Beginning with the line that holds "Możliwość zdalnej obsługi" in the data below, give again every line through the one that holds "RAADS-R And Aspie Quiz Scores", exactly as written.

Source data:

-- -- --

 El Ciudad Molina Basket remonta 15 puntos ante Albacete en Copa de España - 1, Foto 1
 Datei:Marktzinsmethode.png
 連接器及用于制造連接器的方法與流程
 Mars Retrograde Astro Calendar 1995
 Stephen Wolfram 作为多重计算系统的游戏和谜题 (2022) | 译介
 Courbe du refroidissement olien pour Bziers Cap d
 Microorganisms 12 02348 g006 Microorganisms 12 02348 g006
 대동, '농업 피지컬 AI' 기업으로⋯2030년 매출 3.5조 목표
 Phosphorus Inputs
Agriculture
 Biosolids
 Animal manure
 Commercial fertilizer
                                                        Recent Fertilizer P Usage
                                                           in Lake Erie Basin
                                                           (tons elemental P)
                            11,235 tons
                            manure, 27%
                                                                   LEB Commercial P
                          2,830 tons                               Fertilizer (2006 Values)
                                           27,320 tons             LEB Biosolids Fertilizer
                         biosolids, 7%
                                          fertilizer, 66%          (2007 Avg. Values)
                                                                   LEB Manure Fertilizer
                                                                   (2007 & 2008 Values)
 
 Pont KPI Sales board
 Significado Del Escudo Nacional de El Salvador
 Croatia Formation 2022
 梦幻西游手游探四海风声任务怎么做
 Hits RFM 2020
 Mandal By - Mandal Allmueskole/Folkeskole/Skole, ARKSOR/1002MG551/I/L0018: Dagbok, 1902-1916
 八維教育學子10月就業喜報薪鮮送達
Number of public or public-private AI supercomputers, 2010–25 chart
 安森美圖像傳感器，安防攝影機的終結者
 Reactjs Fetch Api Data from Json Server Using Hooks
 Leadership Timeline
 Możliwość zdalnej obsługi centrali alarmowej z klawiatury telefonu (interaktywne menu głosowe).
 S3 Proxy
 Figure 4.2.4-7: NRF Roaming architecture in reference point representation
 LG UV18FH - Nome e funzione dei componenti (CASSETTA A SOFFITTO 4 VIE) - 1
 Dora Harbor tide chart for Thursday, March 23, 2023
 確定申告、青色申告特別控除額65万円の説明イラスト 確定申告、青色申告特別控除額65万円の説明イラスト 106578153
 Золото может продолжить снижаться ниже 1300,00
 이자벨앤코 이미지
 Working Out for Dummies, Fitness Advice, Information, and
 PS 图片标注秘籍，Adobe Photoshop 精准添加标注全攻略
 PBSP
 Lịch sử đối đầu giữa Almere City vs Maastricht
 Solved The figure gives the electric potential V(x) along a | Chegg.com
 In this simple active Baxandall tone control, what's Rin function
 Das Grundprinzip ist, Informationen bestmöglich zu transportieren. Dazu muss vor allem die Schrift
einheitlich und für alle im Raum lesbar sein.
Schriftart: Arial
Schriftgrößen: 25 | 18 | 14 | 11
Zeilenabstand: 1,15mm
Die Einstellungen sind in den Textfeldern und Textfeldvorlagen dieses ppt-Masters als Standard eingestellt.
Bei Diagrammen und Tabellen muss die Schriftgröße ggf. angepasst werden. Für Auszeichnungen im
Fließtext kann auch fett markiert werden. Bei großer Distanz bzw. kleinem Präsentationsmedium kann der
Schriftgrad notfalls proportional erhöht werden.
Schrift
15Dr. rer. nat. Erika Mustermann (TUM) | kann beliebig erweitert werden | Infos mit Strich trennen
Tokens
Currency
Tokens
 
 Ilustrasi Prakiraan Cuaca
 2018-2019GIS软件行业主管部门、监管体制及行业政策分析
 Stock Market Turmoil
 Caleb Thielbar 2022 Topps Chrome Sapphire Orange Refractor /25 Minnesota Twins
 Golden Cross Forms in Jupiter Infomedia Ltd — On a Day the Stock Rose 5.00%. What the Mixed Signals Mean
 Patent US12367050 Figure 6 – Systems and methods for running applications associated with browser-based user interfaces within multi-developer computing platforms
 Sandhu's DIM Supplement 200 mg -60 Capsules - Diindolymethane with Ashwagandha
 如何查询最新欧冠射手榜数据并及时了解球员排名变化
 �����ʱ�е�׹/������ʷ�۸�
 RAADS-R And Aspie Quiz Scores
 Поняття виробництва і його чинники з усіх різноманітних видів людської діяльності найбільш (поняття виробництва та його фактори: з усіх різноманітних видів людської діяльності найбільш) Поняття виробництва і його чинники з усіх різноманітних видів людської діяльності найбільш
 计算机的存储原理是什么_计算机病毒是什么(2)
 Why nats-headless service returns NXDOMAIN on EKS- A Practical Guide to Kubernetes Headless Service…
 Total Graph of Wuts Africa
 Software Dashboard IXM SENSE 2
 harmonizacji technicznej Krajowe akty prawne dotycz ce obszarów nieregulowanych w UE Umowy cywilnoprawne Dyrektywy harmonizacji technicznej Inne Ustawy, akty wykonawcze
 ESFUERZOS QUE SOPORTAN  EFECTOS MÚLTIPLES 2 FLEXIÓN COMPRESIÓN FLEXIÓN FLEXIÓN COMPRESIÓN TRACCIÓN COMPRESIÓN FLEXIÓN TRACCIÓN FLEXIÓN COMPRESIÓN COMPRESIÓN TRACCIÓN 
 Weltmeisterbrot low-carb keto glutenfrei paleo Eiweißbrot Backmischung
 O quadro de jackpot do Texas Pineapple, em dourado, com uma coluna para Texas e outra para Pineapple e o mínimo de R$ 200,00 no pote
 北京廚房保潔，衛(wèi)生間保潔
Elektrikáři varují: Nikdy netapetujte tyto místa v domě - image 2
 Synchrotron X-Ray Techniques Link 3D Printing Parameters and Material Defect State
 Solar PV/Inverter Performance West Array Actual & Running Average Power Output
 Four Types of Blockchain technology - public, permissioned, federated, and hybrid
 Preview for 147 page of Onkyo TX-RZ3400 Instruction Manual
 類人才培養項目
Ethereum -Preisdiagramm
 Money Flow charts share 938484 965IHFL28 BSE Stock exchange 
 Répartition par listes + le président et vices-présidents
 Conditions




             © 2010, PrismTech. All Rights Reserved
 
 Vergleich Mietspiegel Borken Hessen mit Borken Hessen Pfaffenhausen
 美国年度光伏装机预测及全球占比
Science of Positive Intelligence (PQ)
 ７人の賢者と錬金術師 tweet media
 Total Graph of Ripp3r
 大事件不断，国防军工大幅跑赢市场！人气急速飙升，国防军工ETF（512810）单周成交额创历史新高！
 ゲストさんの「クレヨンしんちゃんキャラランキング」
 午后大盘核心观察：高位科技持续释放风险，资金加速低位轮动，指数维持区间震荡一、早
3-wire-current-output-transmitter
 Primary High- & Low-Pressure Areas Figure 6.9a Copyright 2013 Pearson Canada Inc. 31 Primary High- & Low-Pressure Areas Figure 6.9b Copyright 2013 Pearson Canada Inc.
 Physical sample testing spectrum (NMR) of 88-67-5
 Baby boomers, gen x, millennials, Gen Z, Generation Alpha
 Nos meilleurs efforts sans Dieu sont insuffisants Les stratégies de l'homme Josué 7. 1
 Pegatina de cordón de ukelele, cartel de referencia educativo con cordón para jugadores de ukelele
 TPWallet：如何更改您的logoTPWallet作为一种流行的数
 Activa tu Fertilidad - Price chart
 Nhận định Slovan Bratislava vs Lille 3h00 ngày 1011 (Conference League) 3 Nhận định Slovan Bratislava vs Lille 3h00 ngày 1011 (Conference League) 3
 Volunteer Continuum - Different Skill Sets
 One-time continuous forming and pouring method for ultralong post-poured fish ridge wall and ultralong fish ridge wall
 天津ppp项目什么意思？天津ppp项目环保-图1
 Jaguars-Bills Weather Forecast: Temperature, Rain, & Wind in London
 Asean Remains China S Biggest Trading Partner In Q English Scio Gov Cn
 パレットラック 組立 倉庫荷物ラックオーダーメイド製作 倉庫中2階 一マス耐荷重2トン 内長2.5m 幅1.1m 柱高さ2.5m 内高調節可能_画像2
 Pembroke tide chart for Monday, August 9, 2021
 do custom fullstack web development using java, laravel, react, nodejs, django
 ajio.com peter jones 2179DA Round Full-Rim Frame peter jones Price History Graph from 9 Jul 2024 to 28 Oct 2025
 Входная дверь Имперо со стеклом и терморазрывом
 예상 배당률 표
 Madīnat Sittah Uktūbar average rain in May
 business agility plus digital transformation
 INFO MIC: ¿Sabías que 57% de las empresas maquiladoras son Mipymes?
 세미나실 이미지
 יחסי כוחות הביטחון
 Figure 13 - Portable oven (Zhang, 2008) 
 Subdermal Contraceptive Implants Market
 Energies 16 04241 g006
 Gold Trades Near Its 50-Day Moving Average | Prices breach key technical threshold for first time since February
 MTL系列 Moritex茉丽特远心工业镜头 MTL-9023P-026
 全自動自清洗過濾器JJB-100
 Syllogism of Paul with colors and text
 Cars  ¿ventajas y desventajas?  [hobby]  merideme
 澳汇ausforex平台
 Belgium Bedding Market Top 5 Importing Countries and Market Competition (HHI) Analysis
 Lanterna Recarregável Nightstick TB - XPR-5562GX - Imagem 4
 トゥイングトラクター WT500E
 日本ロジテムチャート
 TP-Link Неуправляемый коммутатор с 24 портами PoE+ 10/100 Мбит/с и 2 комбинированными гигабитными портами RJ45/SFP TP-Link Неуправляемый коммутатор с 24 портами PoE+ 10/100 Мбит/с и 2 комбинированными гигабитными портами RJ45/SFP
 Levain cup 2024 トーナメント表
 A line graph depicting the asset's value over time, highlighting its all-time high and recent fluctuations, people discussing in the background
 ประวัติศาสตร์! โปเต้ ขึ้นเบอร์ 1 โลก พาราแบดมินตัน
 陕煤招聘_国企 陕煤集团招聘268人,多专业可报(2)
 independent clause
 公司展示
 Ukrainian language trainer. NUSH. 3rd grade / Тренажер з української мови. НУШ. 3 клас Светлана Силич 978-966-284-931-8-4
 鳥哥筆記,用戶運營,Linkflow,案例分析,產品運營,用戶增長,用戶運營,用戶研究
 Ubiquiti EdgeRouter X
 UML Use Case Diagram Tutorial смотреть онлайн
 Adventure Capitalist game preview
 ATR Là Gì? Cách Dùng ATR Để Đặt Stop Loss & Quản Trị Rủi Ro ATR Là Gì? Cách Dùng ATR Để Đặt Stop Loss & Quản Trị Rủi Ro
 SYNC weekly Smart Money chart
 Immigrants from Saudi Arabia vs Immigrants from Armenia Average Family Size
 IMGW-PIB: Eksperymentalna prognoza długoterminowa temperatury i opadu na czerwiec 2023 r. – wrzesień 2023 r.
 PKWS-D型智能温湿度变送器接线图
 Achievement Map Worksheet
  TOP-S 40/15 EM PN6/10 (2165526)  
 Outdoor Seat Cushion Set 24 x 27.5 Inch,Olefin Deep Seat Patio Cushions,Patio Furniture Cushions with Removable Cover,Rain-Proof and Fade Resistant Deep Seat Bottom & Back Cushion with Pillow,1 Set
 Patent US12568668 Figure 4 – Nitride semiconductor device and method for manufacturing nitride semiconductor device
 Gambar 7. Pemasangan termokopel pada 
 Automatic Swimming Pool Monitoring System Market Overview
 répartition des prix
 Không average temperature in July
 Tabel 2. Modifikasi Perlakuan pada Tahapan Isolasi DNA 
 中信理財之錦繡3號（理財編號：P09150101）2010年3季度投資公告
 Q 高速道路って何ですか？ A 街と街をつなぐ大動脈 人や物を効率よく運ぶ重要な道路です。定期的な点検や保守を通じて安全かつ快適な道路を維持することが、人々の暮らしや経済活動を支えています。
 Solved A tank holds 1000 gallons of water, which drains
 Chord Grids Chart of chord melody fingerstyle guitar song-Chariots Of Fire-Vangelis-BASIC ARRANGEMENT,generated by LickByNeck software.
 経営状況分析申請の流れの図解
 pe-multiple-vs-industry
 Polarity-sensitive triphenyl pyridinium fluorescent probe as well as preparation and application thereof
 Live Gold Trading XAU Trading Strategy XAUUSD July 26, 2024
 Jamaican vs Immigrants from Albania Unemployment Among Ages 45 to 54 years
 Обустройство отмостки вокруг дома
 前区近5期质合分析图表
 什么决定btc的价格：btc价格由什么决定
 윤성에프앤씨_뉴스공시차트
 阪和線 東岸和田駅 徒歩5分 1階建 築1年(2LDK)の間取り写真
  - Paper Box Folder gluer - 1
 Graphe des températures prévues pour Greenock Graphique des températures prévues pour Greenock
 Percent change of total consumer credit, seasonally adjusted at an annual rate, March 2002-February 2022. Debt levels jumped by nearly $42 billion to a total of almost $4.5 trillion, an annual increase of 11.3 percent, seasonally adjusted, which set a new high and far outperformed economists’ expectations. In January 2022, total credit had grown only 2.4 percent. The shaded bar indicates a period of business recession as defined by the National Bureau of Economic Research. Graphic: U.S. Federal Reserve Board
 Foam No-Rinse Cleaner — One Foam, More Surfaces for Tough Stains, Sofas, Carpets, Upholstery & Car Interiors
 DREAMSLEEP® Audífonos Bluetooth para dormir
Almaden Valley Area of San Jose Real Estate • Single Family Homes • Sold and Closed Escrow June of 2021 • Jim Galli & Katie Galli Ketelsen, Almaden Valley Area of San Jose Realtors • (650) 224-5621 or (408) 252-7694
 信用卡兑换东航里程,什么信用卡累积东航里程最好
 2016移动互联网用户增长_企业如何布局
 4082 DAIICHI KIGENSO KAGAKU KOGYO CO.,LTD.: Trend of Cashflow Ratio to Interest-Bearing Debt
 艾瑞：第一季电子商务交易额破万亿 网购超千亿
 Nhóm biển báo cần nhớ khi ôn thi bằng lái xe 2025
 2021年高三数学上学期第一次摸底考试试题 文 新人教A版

-- -- --

**RESULT FOR THIS EXERCISE**
 Możliwość zdalnej obsługi centrali alarmowej z klawiatury telefonu (interaktywne menu głosowe).
 S3 Proxy
 Figure 4.2.4-7: NRF Roaming architecture in reference point representation
 LG UV18FH - Nome e funzione dei componenti (CASSETTA A SOFFITTO 4 VIE) - 1
 Dora Harbor tide chart for Thursday, March 23, 2023
 確定申告、青色申告特別控除額65万円の説明イラスト 確定申告、青色申告特別控除額65万円の説明イラスト 106578153
 Золото может продолжить снижаться ниже 1300,00
 이자벨앤코 이미지
 Working Out for Dummies, Fitness Advice, Information, and
 PS 图片标注秘籍，Adobe Photoshop 精准添加标注全攻略
 PBSP
 Lịch sử đối đầu giữa Almere City vs Maastricht
 Solved The figure gives the electric potential V(x) along a | Chegg.com
 In this simple active Baxandall tone control, what's Rin function
 Das Grundprinzip ist, Informationen bestmöglich zu transportieren. Dazu muss vor allem die Schrift
einheitlich und für alle im Raum lesbar sein.
Schriftart: Arial
Schriftgrößen: 25 | 18 | 14 | 11
Zeilenabstand: 1,15mm
Die Einstellungen sind in den Textfeldern und Textfeldvorlagen dieses ppt-Masters als Standard eingestellt.
Bei Diagrammen und Tabellen muss die Schriftgröße ggf. angepasst werden. Für Auszeichnungen im
Fließtext kann auch fett markiert werden. Bei großer Distanz bzw. kleinem Präsentationsmedium kann der
Schriftgrad notfalls proportional erhöht werden.
Schrift
15Dr. rer. nat. Erika Mustermann (TUM) | kann beliebig erweitert werden | Infos mit Strich trennen
Tokens
Currency
Tokens
 
 Ilustrasi Prakiraan Cuaca
 2018-2019GIS软件行业主管部门、监管体制及行业政策分析
 Stock Market Turmoil
 Caleb Thielbar 2022 Topps Chrome Sapphire Orange Refractor /25 Minnesota Twins
 Golden Cross Forms in Jupiter Infomedia Ltd — On a Day the Stock Rose 5.00%. What the Mixed Signals Mean
 Patent US12367050 Figure 6 – Systems and methods for running applications associated with browser-based user interfaces within multi-developer computing platforms
 Sandhu's DIM Supplement 200 mg -60 Capsules - Diindolymethane with Ashwagandha
 如何查询最新欧冠射手榜数据并及时了解球员排名变化
 �����ʱ�е�׹/������ʷ�۸�
 RAADS-R And Aspie Quiz Scores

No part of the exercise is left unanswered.